Is The Federalist Society a conspiracy? They have open meetings. How about labor unions?



Did you read the article? His answer is yes, all organized action qualifies as a conspiracy, and that it's important to distinguish between conspiracy theory and conspiracy practice


> all organized action qualifies as a conspiracy

The dictionary definition disagrees. It adds qualifiers like 'secret' and 'unlawful' and/or 'harmful'.


I mean, how do would this present the FBI action against social movement groups in the 1970s?

The actions against the black panthers, for instance, were secret and harmful to the group and the question of the legal status of those actions is open. The same could be said with regards the US treatment of the American Indian Movement, or many, many actions taken against labor organizers in the late 19th C.

Much could be said of about anything the CIA has done in its history.

IMO, it's more useful to just open up the term to any organization that acts in concert, because then a lot of the fuzzy distinctions between, say a government that isn't acting in the direct interests of its entire population and a criminal cartel.

Those are clearly different kinds of organizations, but "harmful" and "legal" become questionable in many situations.


In one definition. In another it simply says that "conspiracy" is "the act of conspiring" and one of the definitions of "conspire" is:

to act in harmony toward a common end

https://www.merriam-webster.com/dictionary/conspire

That said, I don't think there's much question that the more common-place, colloquial definition includes the "secret" and probably "unlawful" aspects. But somebody who uses these terms in the other sense isn't necessarily wrong.

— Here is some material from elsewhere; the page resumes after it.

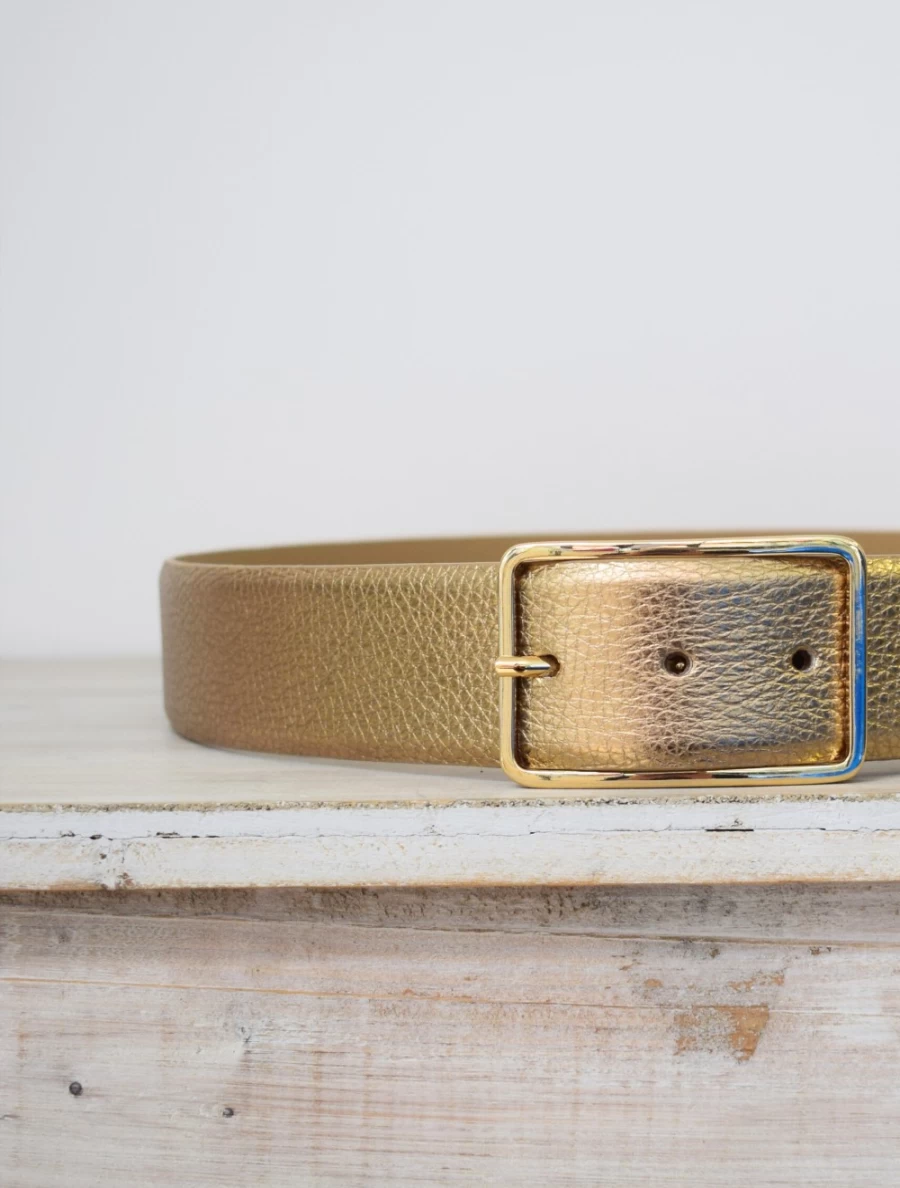 Abro Women's Wide Belt Leather Shimmer Gold Fashion Accessory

agree.. fragmenting words by colloquialism tends to obscure the deeper and more complete 'sense' that existed before the fragmentation - so we're left with more precise words, but less linguistic cohesion

a similar example of a word that has become so loaded by the negative sense would be 'propaganda' - technically all political speech is propaganda, but in colloquial usage the term is so bogged down to mean roughly 'blatant and overt totalitarian propaganda' that we can hardly see the inherent political bias in 'acceptable' political statements, and are more prone to be influenced by them as a result


Ed does try to make the distinction between a 'true' conspiracy (ie one that is actually happening) and a 'false' one (one that's just made up, and doesn't actually exist except as in the minds of its believers) - one is possibly justifiable paranoia (for example what Ed showed us about the NSA), the other mass delusion (cough-q-cough)


Ed? Do you know him?


How is that different from everybody here calling Mr. Thorwalds by his given name?